株主還元に着目したファンドについて


2014年11月20日に開催されたマニュライフ・インベストメンツ・ジャパンのメディア・ブリーフィング「ファンドマネージャーが語る、株主還元に着目した投資の魅力」に出席してきました。

スピーカーは、Lipper Fund Awards 2014およびR&Iファンド大賞2014(外国株式部門)にて最優秀ファンドを受賞した「マニュライフ・新グローバル配当株ファンド(毎月分配型)」の実質的な運用会社である、エポック・インベストメント・パートナーズ・インク(USA)のマネージング・ディレクター兼ファンドマネージャーのエリック・サッペンフィールド氏。

マニュライフ・新グローバル配当株ファンド(毎月分配型)は、世界各国の株式に分散投資を行ない、安定した配当収益の確保、および信託財産の中長期的な成長を目指して運用を行なうファンドとして2010年8月31日に設定されました。ファンドは、世界各国の様々な業種の企業の中から、好水準の配当金など、株主還元を積極的に行なう企業に投資する株式ファンドです。

一般的に、株主還元に着目するファンドでは、予想配当利回りが市場平均と比較して高い銘柄、過去において安定的に高い配当が支払われてきた銘柄、株主還元に対する姿勢の積極的な企業の株式などに投資を行ないます。このため、高配当株式ファンドとも呼ばれます。

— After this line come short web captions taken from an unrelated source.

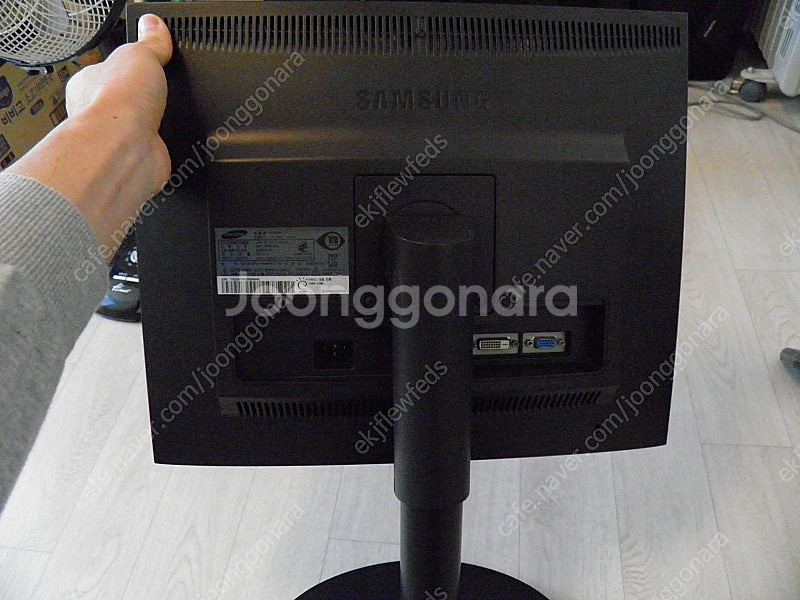 삼성 19인치 피벗 모니터 lcd 팝니다.(b1940r...--2
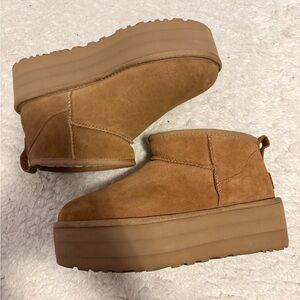 Never worn Ultra Mini Platform UGGS - Size 7 in chestnut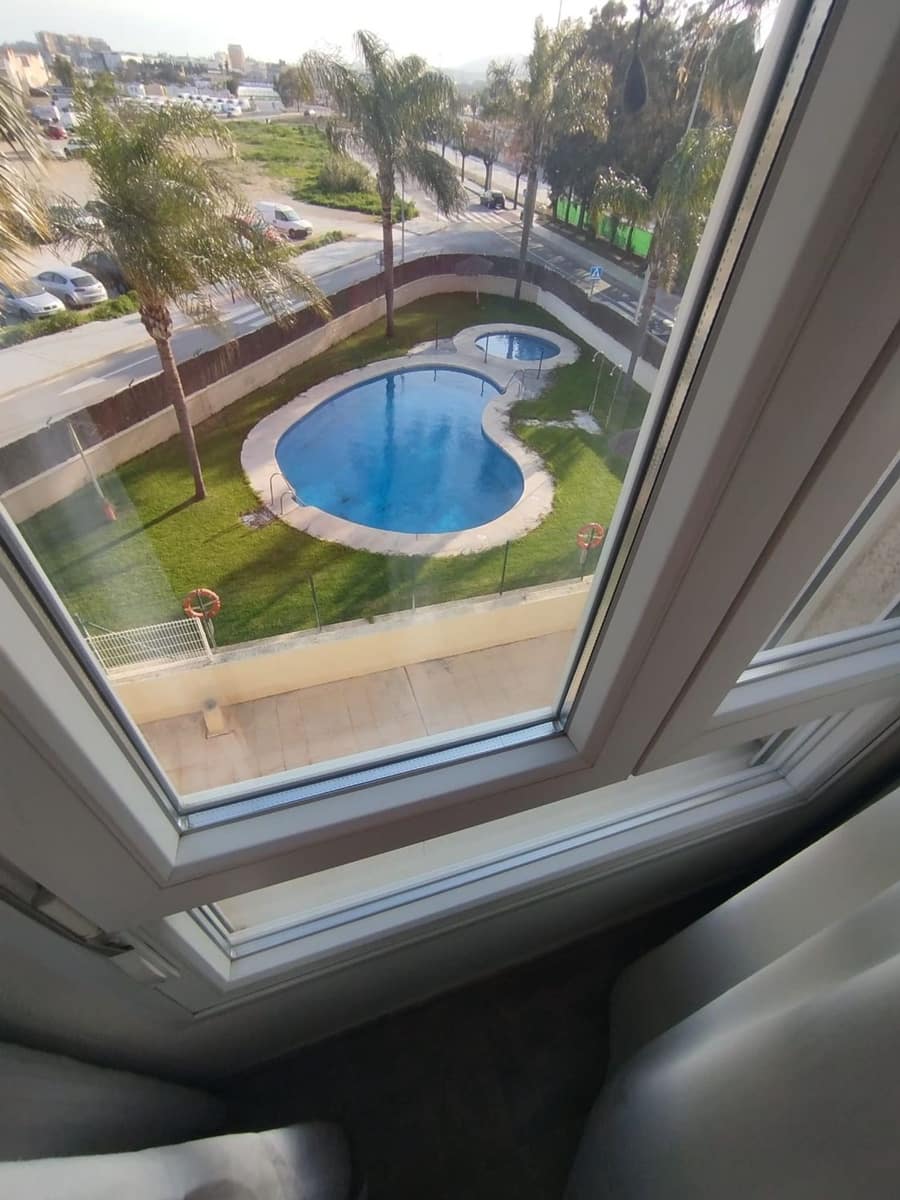 4 sypialnia Apartament na sprzedaż w Miasto Malaga z basenem garażem - 410 000 € (Ref: 10077404)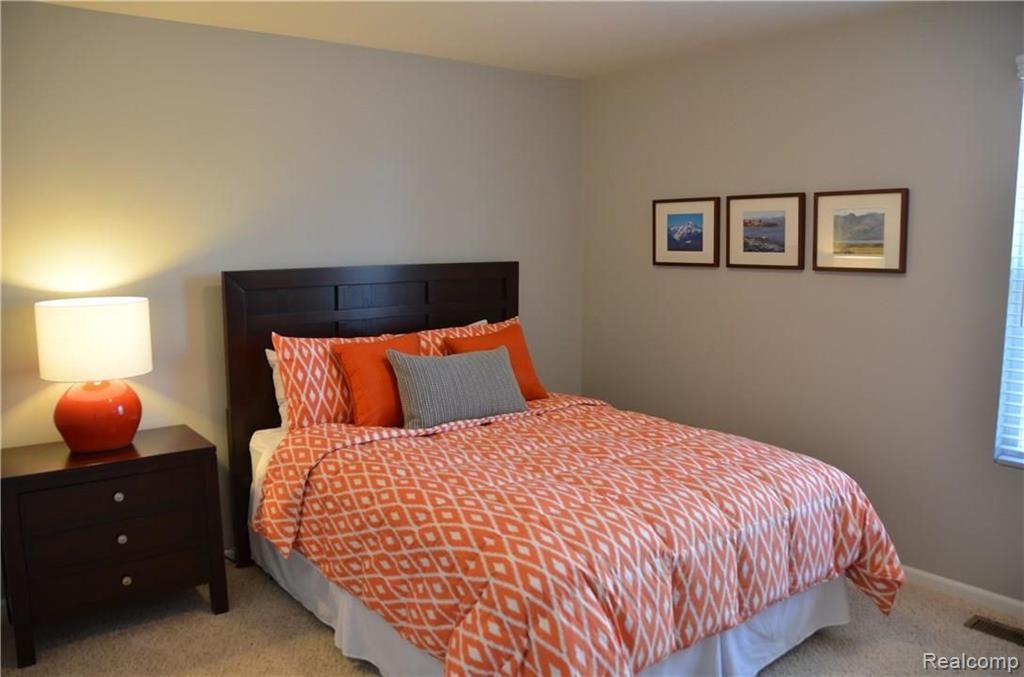 7026 Oakhurst Ridge Road Clarkston, MI 48348 - Photo 21 of 30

一方、エポック・インベストメント・パートナーズ・インク(USA)がマニュライフ・新グローバル配当株ファンド(毎月分配型)の運用において採用している「グローバル・エクイティ・シェアホルダー・イールド戦略」においては、単純に財務諸表からバリュエーション分析を行ない高配当株であるかどうかを判断するのではなく、フリーキャッシュフローが創出されているか、その使い道が資本の再投資(内部プロジェクトやM&Aなど)として有効に活用されているか、株主への還元(現金配当、自社株買い、債務の削減)が行なわれているかという点を銘柄選択において重視します。したがって、業績が好調で、配当を実施していても、経営陣が会社は株主のものであることや株主還元の重要性を真剣に理解せず、株主還元に積極的でない場合には組入れは行なわないということです。

銘柄分析においては、①高水準(3%超)の配当利回りがあるか、②直近3年間に営業活動によるキャッシュフローが配当を上回っているか、③過去5年間、営業活動によるキャッシュフローが成長しているか、④過去に無配がないか、⑤時価総額5億ドル超、および十分な流動性を維持しているか、という指標を使い投資銘柄を発掘しています。

ファンドのリスク管理については、個別銘柄のリスクを最小化しつつポートフォリオの目的を達成するために、1銘柄あたりの組入比率を0.5%~2.5%に制限、1銘柄あたり配当清率を最大3.0%に制限、1銘柄あたりキャッシュフロー成長の寄与率を最大5.0%に制限することで十分な分散を図ります。また、認識されたリスク水準に反比例するように組入比率を決定する(リスクが高いほど組入れ比率を小さくする)インバース・リスク・ウェイティングという手法を採用し、同時にバーラ・リスクモデルによるリスク分析や流動性への配慮を行なっているということです。

組入銘柄の売却方針については、キャピタルゲインを追求するための株価水準による売却は行なわず、配当政策の実現性の低下、ファンダメンタルズの悪化、より良いリスク/リターン特性をもたらす銘柄との入れ替えが売却要件とされています。

マニュライフ・新グローバル配当株ファンド(毎月分配型)の過去1年の騰落率(分配金込み基準価額ベース)は+16.50%、設定来の騰落率は+115.36%、純資産総額は252.8億円(2014年10月末現在)。信託期間は無期限で、販売会社は宇都宮証券、エイチ・エス証券、エース証券、SBI証券、ジャパンネット銀行、高木証券、立花証券、千葉銀行、浜銀TT証券、マネックス証券、三菱東京UFJ銀行(インターネットバンキング専用)、楽天証券(2014年10月末現在)。購入時手数料率は購入価額に3.24%(税込3.0%)以内で各販売会社が独自に定める率。信託報酬は年率1.5336%(税抜1.42%)。最新の情報はマニュライフ・インベストメンツ・ジャパンのHPでご確認下さい。